__What you have to do__
Only a verbatim restatement of the lines from the one with "Подвесной светильник Lussole" through the end of the listing below is wanted. Pictures should be left out.

__Input data__

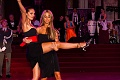 TG_20120414_DAC_2012_2011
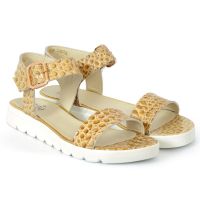 ��������� ������� GAMA de LUXE 0487BG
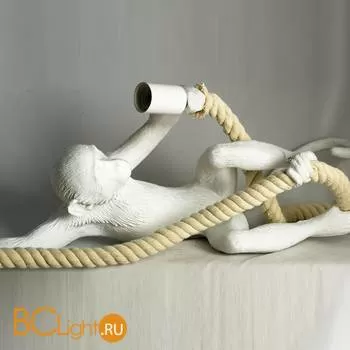 Подвесной светильник Lussole Loft Aya LSP-9993 - Фото 3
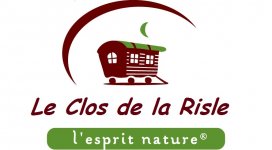 LES ROULOTTES DE LA RISLE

__Exercise response__
 Подвесной светильник Lussole Loft Aya LSP-9993 - Фото 3
 LES ROULOTTES DE LA RISLE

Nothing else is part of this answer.